Mixed partial derivatives look at the influence of each variable on the other. If you first take the derivative of \( f(x, y) \) with respect to \( x \), and then with respect to \( y \), you get a mixed partial derivative, denoted as \( f_{xy} \). Similarly, \( f_{yx} \) is found by differentiating first with respect to \( y \), then \( x \).
In many practical scenarios, especially under continuous conditions often encountered in real-world problems, mixed partial derivatives satisfy what's called Clairaut's theorem, meaning \( f_{xy} = f_{yx} \).
If you calculate mixed partial derivatives for \( f(x, y) = e^{xy} \), you'll find that both \( f_{xy} \) and \( f_{yx} \) result in \( (1 + xy)e^{xy} \). This symmetry indicates something deep about the potential applications, such as optimizing processes where these derivatives come into play.

The chain rule is extremely useful for differentiating composite functions.

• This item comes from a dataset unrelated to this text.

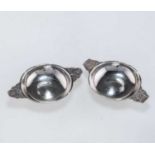 ROBERT EDGAR STONE: A PAIR OF GEORGE VI SILVER DISHES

When it comes to partial derivatives, it helps when you're dealing with more layers or levels of functions. It allows you to break down derivatives into simpler parts, making them easier to calculate.
The general idea is if you have a function of a function, such as \( u(g(x, y)) \), to find the derivative, you take the derivative of the outer function \( u \) with respect to \( g \), then multiply it by the derivative of \( g \) with respect to each of your chosen variables.
In the exercise, when calculating the first-order partial derivatives of \( f(x, y) = e^{xy} \), the chain rule helps because the exponent \( xy \) acts as a composite function. You first find the derivative of \( e^{xy} \) with respect to the exponent, \( e^{xy} \), and then multiply by the derivative of \( xy \) with respect to your chosen variable. The chain rule makes navigating and solving each step of the differentiation process manageable.

Whenever you encounter a product of two functions, the product rule is your ally. It helps you differentiate each function correctly and then combine their derivatives according to specific rules. This technique is especially crucial when the function involves products in some terms.
The product rule states that the derivative of a product of two functions \( u(x, y) \) and \( v(x, y) \) is given by
\[(uv)' = u'v + uv'\]
When applying to functions of several variables like those in our exercise, the rule remains largely the same, used to differentiate one variable at a time.
Take for instance when differentiating \( y \cdot e^{xy} \) in our function. You apply the product rule to differentiate with respect to \( x \) by finding the derivative of \( y \) alongside \( e^{xy} \) and also \( y \) times the derivative of \( e^{xy} \).
The product rule enables us to be precise with differentiating terms that involve multiple factors, as seen in each step of the exercise.